Statistical meaning of 2-D and 3-D molecular similarity scores used in PubChem

Thursday, October 11, 2012 — Poster Session IV

2:00 p.m. – 4:00 p.m.

Natcher Conference Center, Building 45




  • S. Kim
  • E.E. Bolton
  • S.H. Bryant


PubChem is a public repository for biological activities of small molecules. It archives biological screening data and other chemical information from various data sources and offers its contents free of charge to biomedical research community, facilitating the discovery of drugs and chemical probes.
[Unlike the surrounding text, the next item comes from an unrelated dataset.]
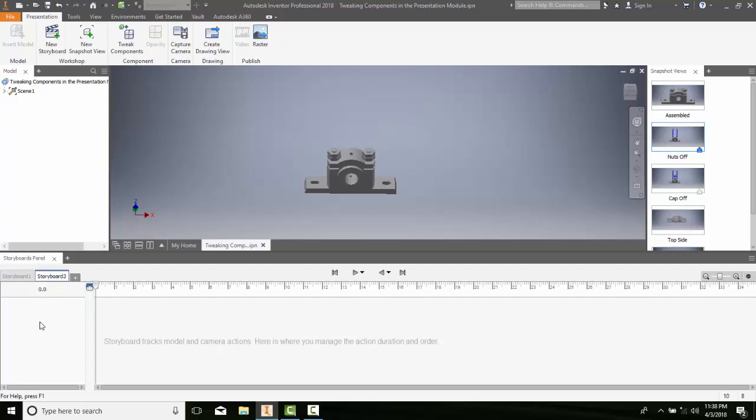And this is known as creating a storyboard.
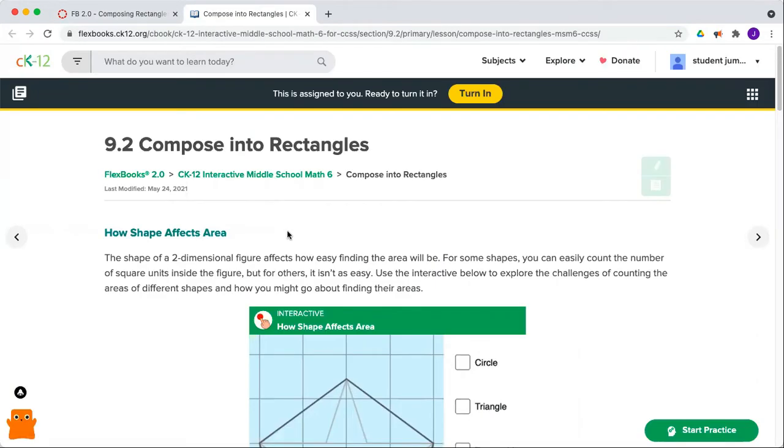Once you click on the link and load that lesson in that new tab, you'll have the option to work through that lesson. If it's a Flexbook 2.0 lesson, maybe with attached practice,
For the efficient use of its enormous amount of chemical information, PubChem provides various search and analysis tools, many of which exploit the concept of molecular similarity at some level. Although molecular similarity methods, including those used in PubChem, are routinely used for the analysis of biological data and virtual screening, little has been known about the statistical meaning of similarity scores from these methods. To address this issue, the similarity value distribution curves for randomly selected compounds were generated using 2-D and 3-D molecular similarity methods utilized by PubChem. An attempt was also made to explore the question of whether it was possible to realize a statistically meaningful similarity value separation between reputed biological assay actives and inactives. In addition, the complementarity between PubChem’s 2-D and 3-D similarity methods was investigated. This work is a critical step to create a statistical framework to build upon, helping to develop more reliable ligand-based virtual screening approaches.